- Winfield Township Winfield Township
- Coordinates: 43°25′43″N 85°23′36″W﻿ / ﻿43.42861°N 85.39333°W
- Country: United States
- State: Michigan
- County: Montcalm

Area
- • Total: 36.2 sq mi (94 km^{2})
- • Land: 35.4 sq mi (92 km^{2})
- • Water: 0.8 sq mi (2.1 km^{2})
- Elevation: 942 ft (287 m)

Population (2020)
- • Total: 2,279
- • Density: 64.4/sq mi (24.9/km^{2})
- Time zone: UTC-5 (Eastern (EST))
- • Summer (DST): UTC-4 (EDT)
- ZIP Codes: 49329 (Howard City) 49336 (Morley) 48850 (Lakeview) 49322 (Coral)
- FIPS code: 26-117-87880
- GNIS feature ID: 1627280
- Website: winfieldtownshipmi.gov

= Winfield Township, Michigan =

Winfield Township is a civil township of Montcalm County in the U.S. state of Michigan.

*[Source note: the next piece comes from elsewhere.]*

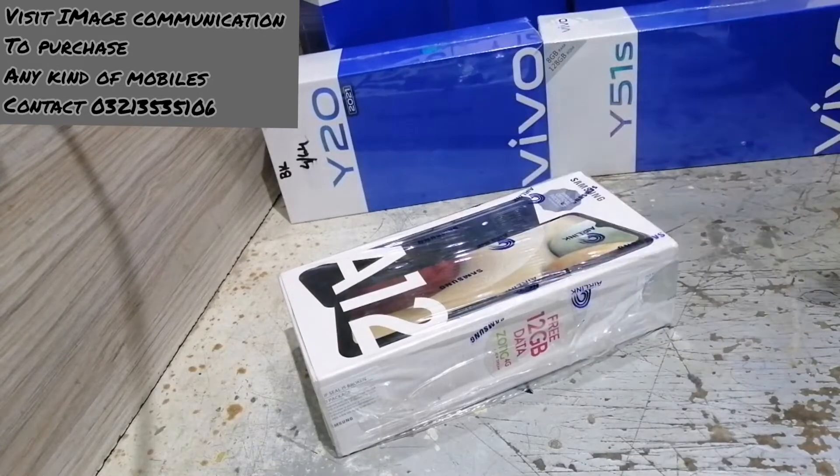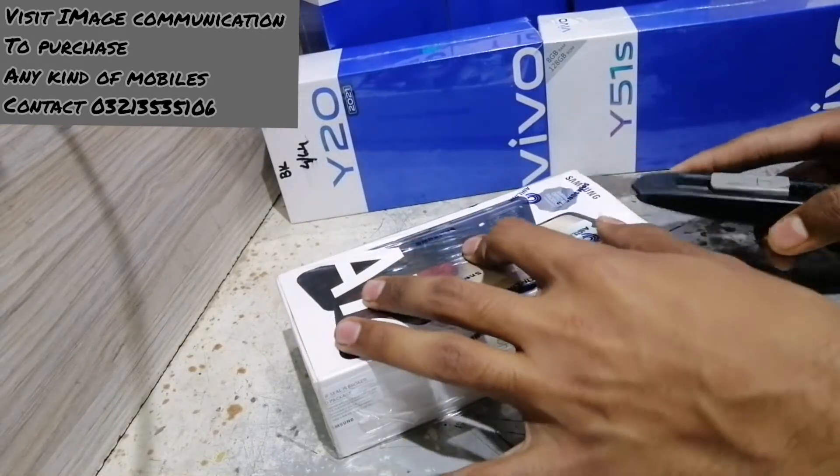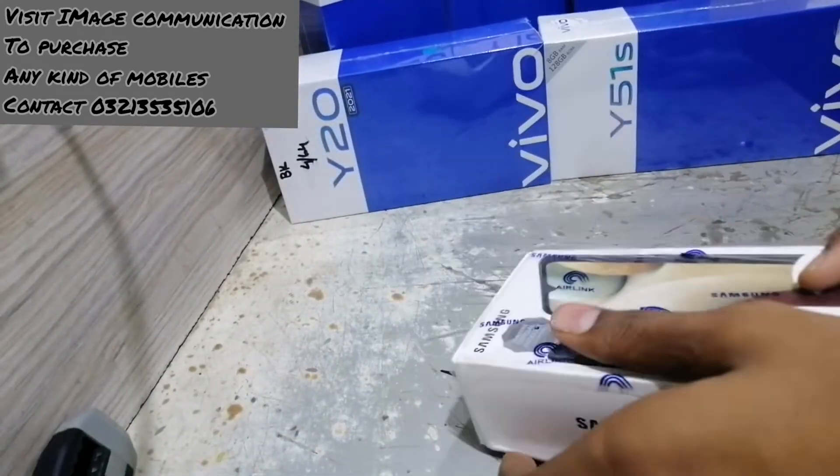Assalamualaikum everyone, this is Hafiz Abdullahi Amran and you are watching Unboxing World by Abdullahi. Today we have the option of short videos for you.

As of the 2020 census, the township population was 2,279.

==Geography==
The township is in northwestern Montcalm County, bordered to the north by Mecosta County. State highway M-46 crosses the center of the township, leading east to Lakeview and west to U.S. Route 131 near Howard City.

According to the United States Census Bureau, the township has a total area of 36.2 sqmi, of which 35.4 sqmi are land and 0.8 sqmi, or 2.17%, are water. The township is drained to the west by tributaries of the Little Muskegon River, most notably Tamarack Creek, which crosses the center of the township.

=== Communities ===
Amble is an unincorporated community in the township on M-46 at . Located near the center of the township, the community was a station on the Pere Marquette Railroad and was platted and recorded by on July 8, 1886. A post office operated from February 5, 1887, until December 31, 1953. It was named in honor of Rev. Ole Amble, minister in the Danish Lutheran Church.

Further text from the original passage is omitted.